La dynamique économique mondiale, confrontée à des défis inédits, évolue vers un ordre nouveau. C’est le constat dressé par le Dr Andrei Rădulescu, expert à l’Institut d’Économie Mondiale de Roumanie, lors d’une conférence donnée à Casablanca le 17 mars 2025.
Trois ans après l’éclatement du conflit en Ukraine, le monde traverse une période de bouleversements géopolitiques et économiques majeurs, marquée par une fragmentation sans précédent.
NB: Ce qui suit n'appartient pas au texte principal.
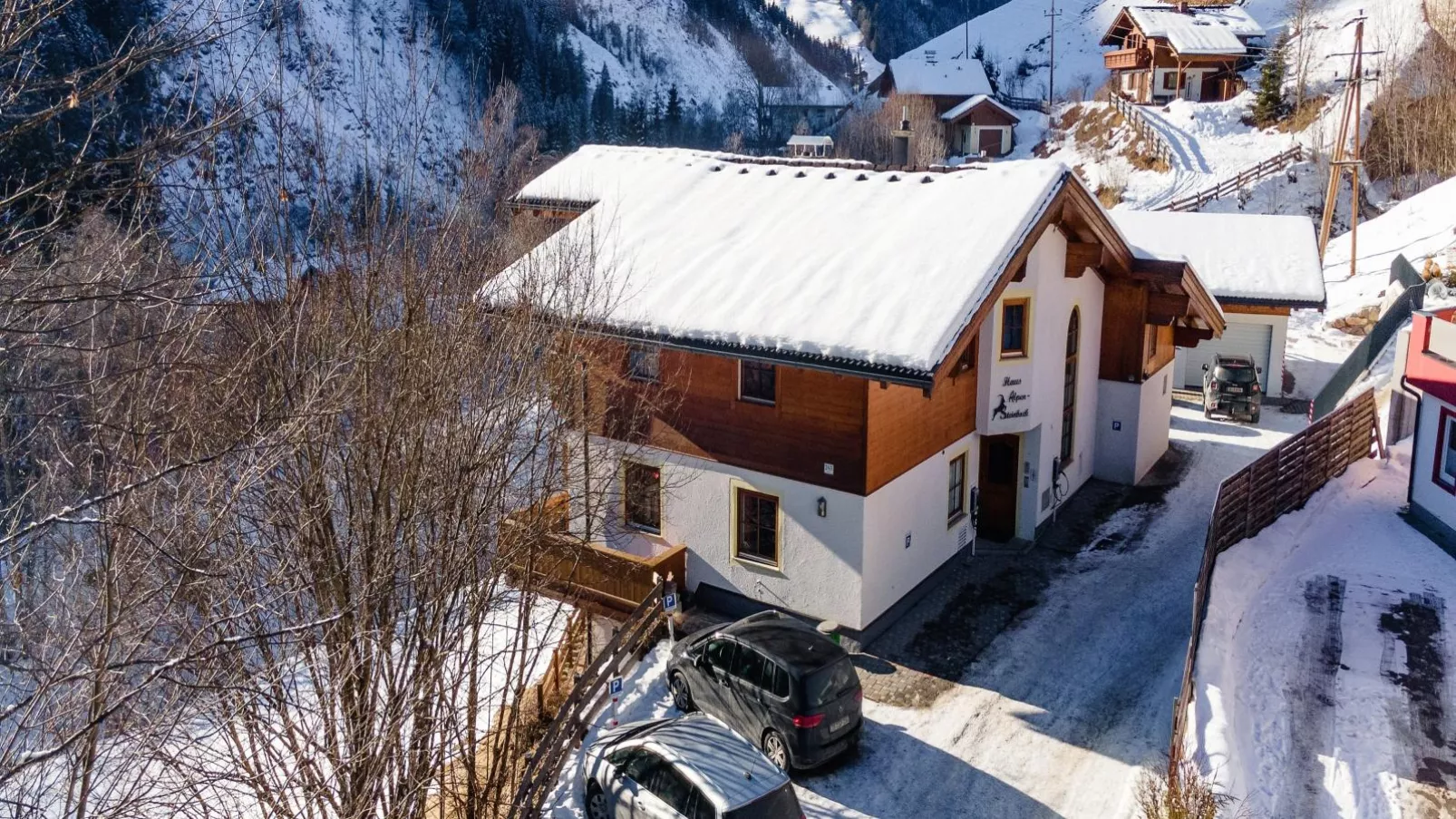 Alpensteinbock Saalbach-Exterieur winter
Cette fragmentation, selon le Dr Rădulescu, se manifeste notamment par un commerce international sous tension, dont la croissance demeure largement inférieure à sa tendance historique, reflet direct d’une crise de confiance persistante sur les marchés.
Les États-Unis continuent de dominer financièrement, malgré une capitalisation boursière historiquement élevée, atteignant des niveaux rarement vus en rapport avec le PIB national. Paradoxalement, ce leadership économique s’accompagne d’un niveau record d’incertitude mondiale, dépassant largement celui observé lors des précédentes crises.
L’expert souligne que les économies émergentes, rassemblées sous l’appellation de « Sud global », jouent un rôle croissant face à l’affrontement stratégique entre la Chine et les États-Unis, une rivalité qui façonnera durablement les équilibres mondiaux.
L’Europe, quant à elle, lutte avec ses propres contradictions, entre compétitivité affaiblie et impératif de convergence économique. La décennie actuelle est ainsi définie par quatre défis majeurs surnommés les « quatre D » : divergence économique, endettement accru, urgence de la décarbonation et nécessité d’un développement durable.
Par ailleurs, les indicateurs récents révèlent un climat macroéconomique mondial contrasté : bien que les signaux indiquent une certaine stabilisation post-ajustement, le début de l’année 2025 reste marqué par une activité économique faible, notamment illustrée par un indice PMI composite mondial en retrait.
Sur le plan fiscal, les économies développées et émergentes sont confrontées au « trilemme » difficilement résoluble : concilier croissance, stabilité budgétaire et maîtrise de la dette publique. À l’heure actuelle, la dette publique atteint des niveaux alarmants, particulièrement dans les pays développés, exerçant une pression continue sur leurs économies.
Pourtant, malgré cette situation complexe, le niveau général de stress financier reste modéré, donnant l’impression trompeuse d’une relative stabilité. Toutefois, le coût réel du financement augmente significativement, particulièrement aux États-Unis, où le resserrement quantitatif mené par la Réserve fédérale pourrait annoncer de nouveaux chocs à venir, comme le laisse présager la hausse continue du prix de l’or.
Face à ces multiples défis, le Dr Rădulescu plaide pour un nouvel accord international, un « Bretton Woods » renouvelé, afin d’éviter une dégradation accélérée de la situation. Ce nouvel élan diplomatique et économique permettrait de combler l’écart croissant entre discours politiques et réalités économiques, tout en exploitant mieux le potentiel inexploité des régions moins développées.
Enfin, l’expert roumain rappelle l’importance d’une diplomatie économique active comme moteur de paix et de prospérité, et conclut en insistant sur la nécessité impérieuse d’agir rapidement, intelligemment, et sur tous les fronts pour surmonter les crises à venir.